Customer Data Consolidation

Customer consolidation

The aim of the consolidation process is to identify all records connected to one customer, address or any other business entity. The consolidation process is based on two consecutive steps:

  • Data cleansing - normalization, standardization, parsing, replacements (e.g. dictionary of typos);
  • Unification - grouping of similar records based on semantic proximity.

Data Consolidation

Data cleansing

Dirty data is penalized on both the particular attribute and whole record (instance) levels. The penalization is expressed via the so-called cleansing score, which represents the severity of data cleansing procedures used for data purification, i.e. obtaining its standard form. The higher the score; the worse the quality of the processed record. Identified errors are expressed by means of cleansing codes. Information on data non-quality serves as a ‘bottom-up' approach input into DQM processes.

Unification

This step represents grouping of records based on a ‘unification key', which is composed of standardized attributes relevant to and sufficient for the subject's (e.g. person or address) unique identification. Possible uncertainty of the result is expressed by multiple-level grouping (in the case of Ataccama DQC we recognize candidate and client grouping levels for the subject of customers). These groups are then classified into several categories based on the data quality of records within each group to simplify interpretation of the results.

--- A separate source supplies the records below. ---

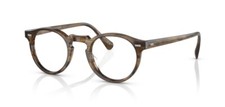 Oliver Peoples 0OV5186 Gregory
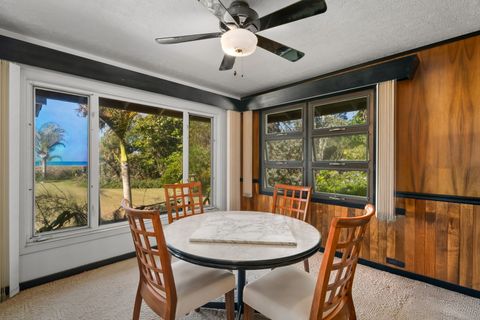 Tiny photo for 8585 Kaumualii Hwy, Kekaha, HI 96752 (MLS # 719693)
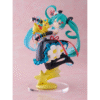 Taito Figure: Hatsune Miku x Rody AMP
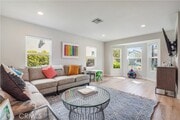 Photo - 707 Sapphire St House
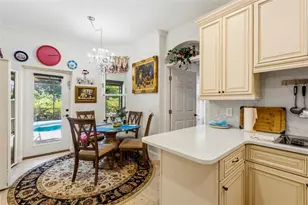 2 Edgemont Pl, Palm Coast, FL 32164 - Photo 27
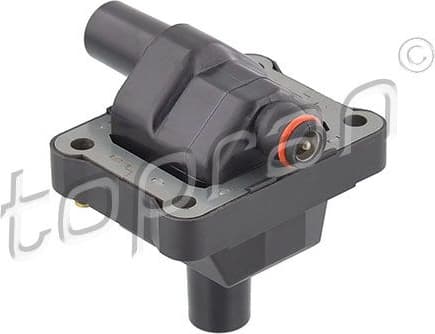 Ignition Coil 401 464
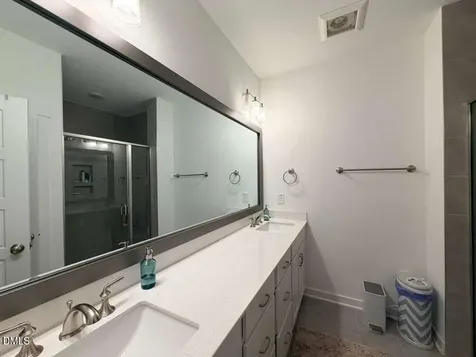 2222 Bohan Court Apex NC 27502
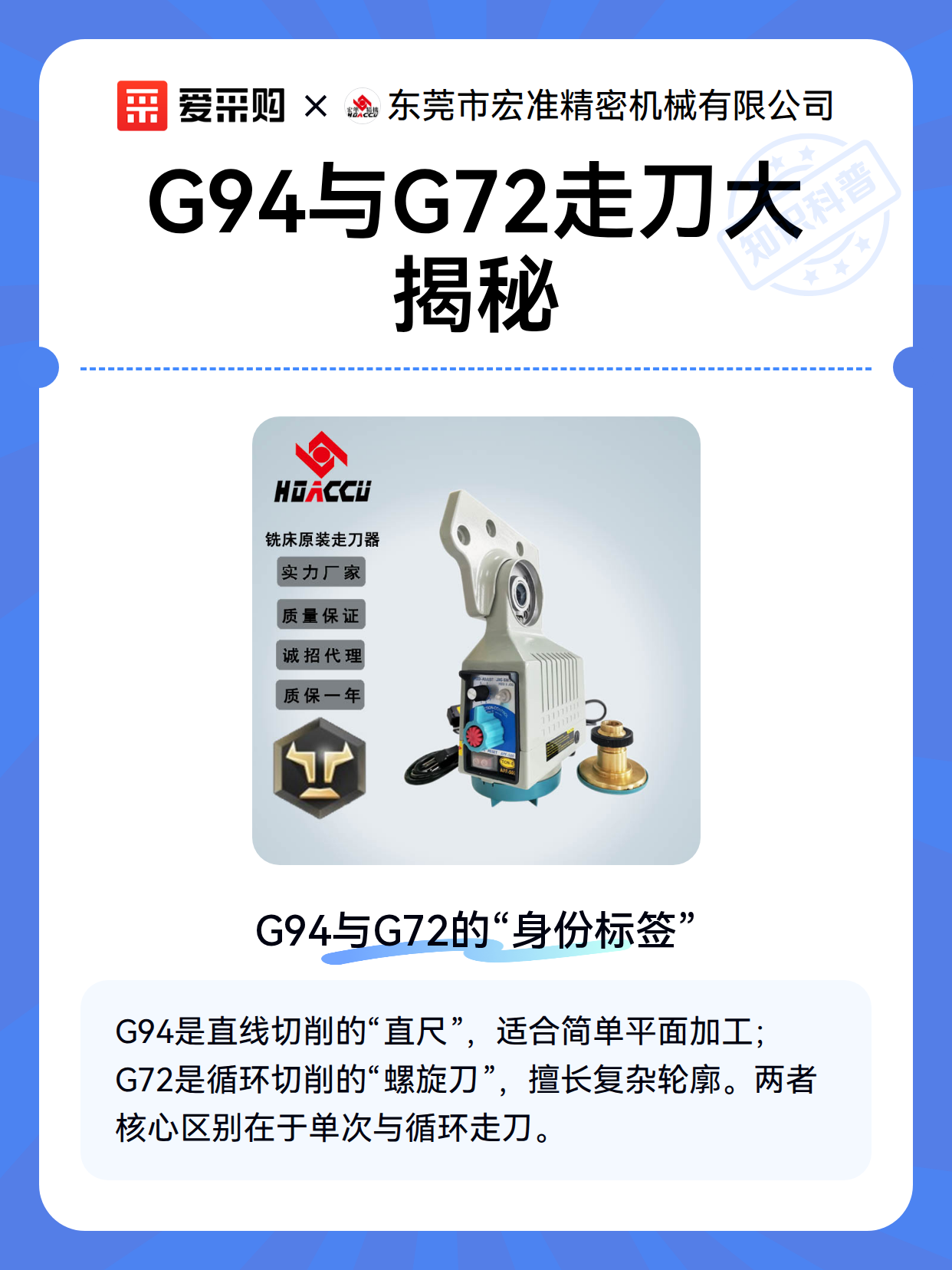 G94与G72走刀大揭秘（图2）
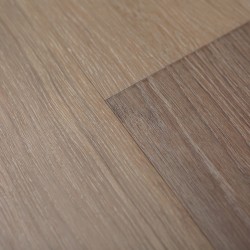 Инженерная доска HM Flooring Дуб Decor 9 millrun 600-2100×190×14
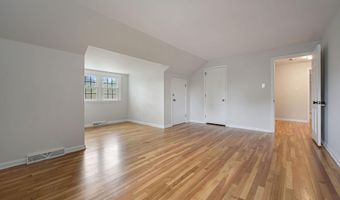 202 CLOVER Dr, Hockessin, DE 19707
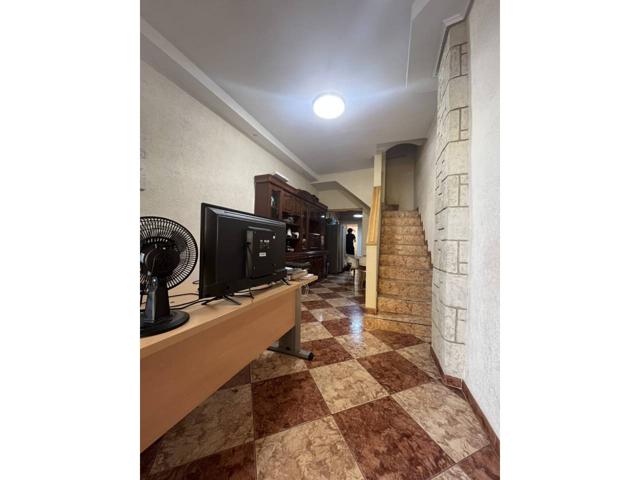 Venta de casa en Sant Joan d'Alacant photo 0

Most of the current customer-centric ‘automated' processes in TMSK are ‘MSISDN' based. To implement the ‘customer consolidation' approach, identification of unified customers across all customer data handling systems must be executed as the first step. The following picture demonstrates an example of the previously described consolidation approach (implemented in Ataccama DQC) based on customer cleansing and unification:

Data Consolidation

figure 1. Customer Consolidation Example

Identification represents the ‘front-end oriented' process of cleansing and assigning new input records into respective unified groups, which is typically executed in on-line mode, while unification is often implemented as a ‘back-end' batch process due to its complexity.